Strengthening financial position

Cooper Energy continues to strengthen its financial position with increasing sales volumes, revenue and cash flow from Sole and cash reserves of $109 million as at 31 March 2021. Capital expenditure in FY21 is expected to be below original guidance and no material capital expenditure is currently planned for FY22 (refer commentary below).

Bank debt facility

Recognising the delayed start-up of OGPP and resulting lower Sole production levels than originally anticipated, Cooper Energy has submitted to its lenders a proposal for adjustment of some of its debt facility’s terms and conditions. The proposal seeks to better align the facility given the current outlook for production and the resulting extended field life of Sole. The process is progressing as planned and agreement on adjustments to the debt facility is expected by 30 June 2021.

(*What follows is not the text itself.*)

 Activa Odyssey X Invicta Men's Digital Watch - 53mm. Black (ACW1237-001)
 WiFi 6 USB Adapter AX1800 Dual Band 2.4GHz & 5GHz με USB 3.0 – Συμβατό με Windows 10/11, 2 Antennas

Revised full year FY21 guidance

The following revised full year FY21 guidance reflects lower than expected gas processing rates at OGPP and re-scheduling of some Athena Gas Plant commissioning activities to FY22.

  • Sales volumes are tracking in line with expectations and expected to be towards the middle of guidance range of 2.9 – 3.1 MMboe.

  • Production is expected to be towards the lower end of guidance range of 2.7 – 2.9 MMboe due to recent performance of OGPP relative to expectations.

  • Capital expenditure guidance reduced to $35 – 40 million (previously $45 – 50 million) due to rescheduling of some Athena Gas Plant commissioning activities to FY22. No material capital expenditure is forecast for FY22, with spend expected to be broadly in line with FY21 (subject to finalisation of budgets and joint venture and Board approvals).[3]

Authorised by: Investors: Media:
David Maxwell Derek Piper Bindi Gove
Managing Director Head of Investor Relations Head of External Affairs
+61 8 8100 4900 +61 8 8100 4908 +61 406 644 913

Cooper Energy Limited (ASX: COE) is an exploration and production company which generates revenue from gas supply to south-east Australia and low-cost Cooper Basin oil production. The company is an emerging player in the south-east Australian energy sector holding a portfolio of gas supply contracts and one of the most extensive portfolios of gas-focused acreage and assets, including well located reserves and resources in the Otway and Gippsland basins. These include the Sole gas field in the Gippsland Basin which recently became the first new offshore gas development in south-east Australia to commence production in several years, the Casino Henry operations in the offshore Otway Basin and undeveloped resources such as Manta and Annie.

Disclaimer : This announcement may contain forward looking statements that are subject to risk factors related to oil, gas and associated businesses. The expectations reflected in these statements are believed to be reasonable. However, they may be affected by a variety of variables and changes in underlying assumptions which could cause actual results or trends to diverge materially, including in respect of: price fluctuations and currency fluctuations, drilling and production results, actual demand, reserve estimates, loss of market, competition in the industry, risks (environmental, physical, political etc.), developments (regulatory and fiscal etc.), economic and financial market conditions in Australia and elsewhere, changes in project timings, approvals and cost estimates.

3 Capital expenditure guidance excludes abandonment costs and expenditure for OGPP reconfiguration and commissioning works; includes corporate expenditure on IT hardware and systems upgrades.